- _To do_
In this exercise, retype exactly the lines from the start of the entries through the line bearing "目覚まし時計 振動 大音量", leaving every picture out.

Content starts

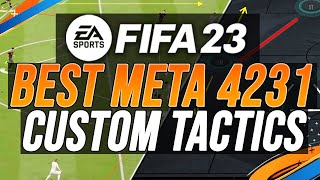 Why 4231 is the Most META formation to give you wins TACTICS amp INSTRUCTIONS  FIFA 23 [upl. by Ellehcear6]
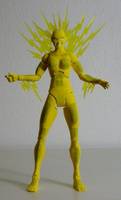 LIGHTNING Jennifer Pierce JSA Member (DC Universe) Custom Action Figure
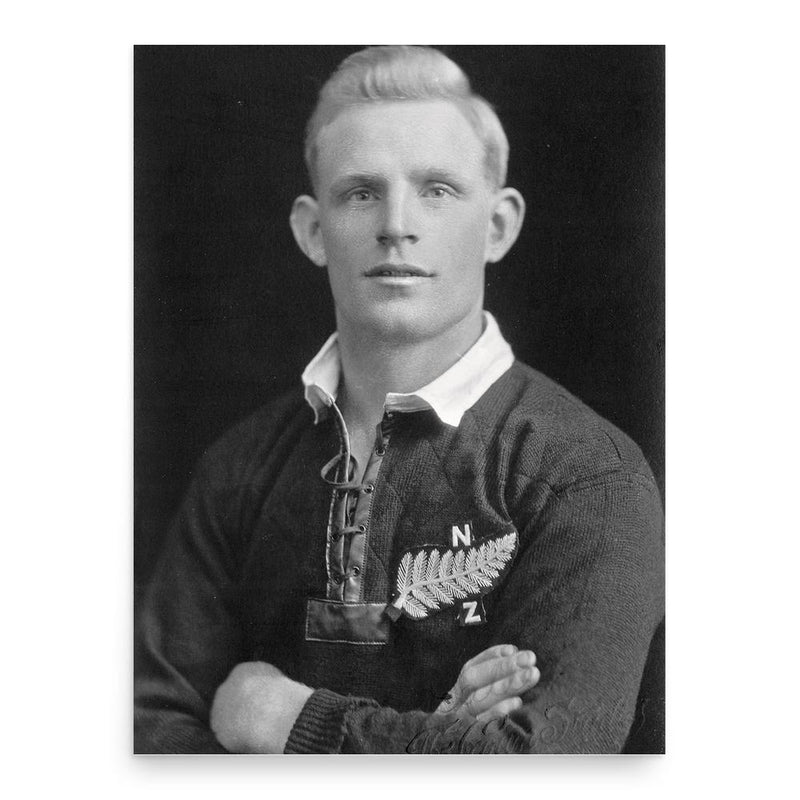 Bill Dalley poster print, in size 18x24 inches.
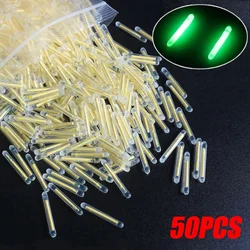 50PCS/lot 2.2-4.5mm Light Night Fishing Float Rod Lights Dark Glow Stick Fishing Accessories Fluorescent Lightstick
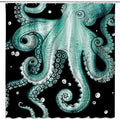 Ocean-Themed Art Shower Curtain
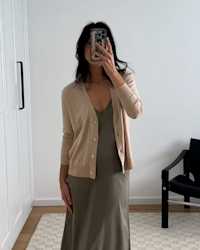 LightweightCottonCashmereCardigan Oatmeal JamieLee Thumbnail01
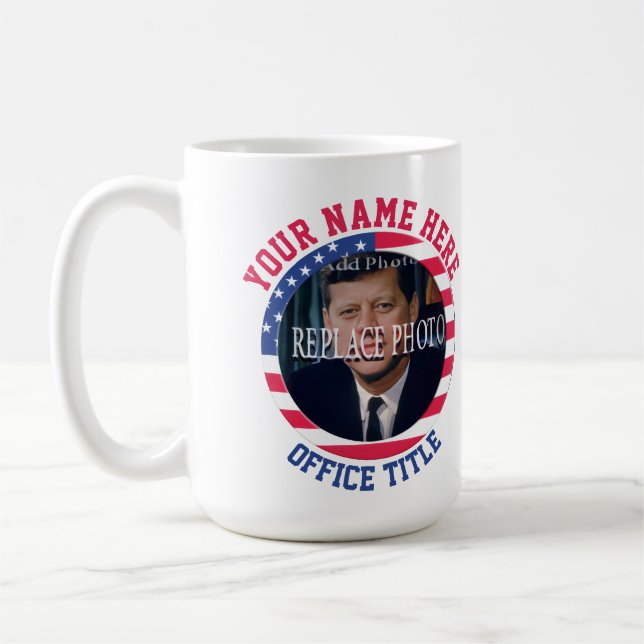 Replace Photo | Campaign Template Round Coffee Mug (Left)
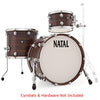 Natal Acoustic Drum Kits Veneer Natal Cafe Racer Series TJ Traditional Jazz 3 Piece Shell Pack Acoustic Drum Kit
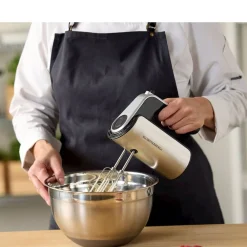 Blomsterbergs Røreskål m. silikonebund Latte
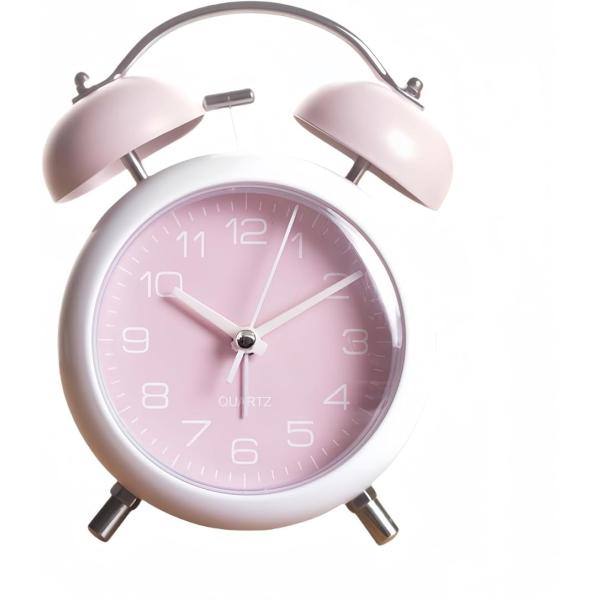 目覚まし時計 振動 大音量 うるさい アナログ おしゃれ ベル 置き時計 アラーム 爆音目覚まし時計...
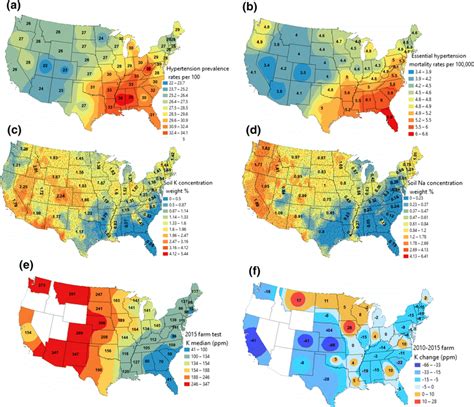 Isopleth Maps And State Average Shown By Numbers Of A Hypertension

Content ends

- _Output of the exercise_
 Why 4231 is the Most META formation to give you wins TACTICS amp INSTRUCTIONS  FIFA 23 [upl. by Ellehcear6]
 LIGHTNING Jennifer Pierce JSA Member (DC Universe) Custom Action Figure
 Bill Dalley poster print, in size 18x24 inches.
 50PCS/lot 2.2-4.5mm Light Night Fishing Float Rod Lights Dark Glow Stick Fishing Accessories Fluorescent Lightstick
 Ocean-Themed Art Shower Curtain
 LightweightCottonCashmereCardigan Oatmeal JamieLee Thumbnail01
 Replace Photo | Campaign Template Round Coffee Mug (Left)
 Natal Acoustic Drum Kits Veneer Natal Cafe Racer Series TJ Traditional Jazz 3 Piece Shell Pack Acoustic Drum Kit
 Blomsterbergs Røreskål m. silikonebund Latte
 目覚まし時計 振動 大音量 うるさい アナログ おしゃれ ベル 置き時計 アラーム 爆音目覚まし時計...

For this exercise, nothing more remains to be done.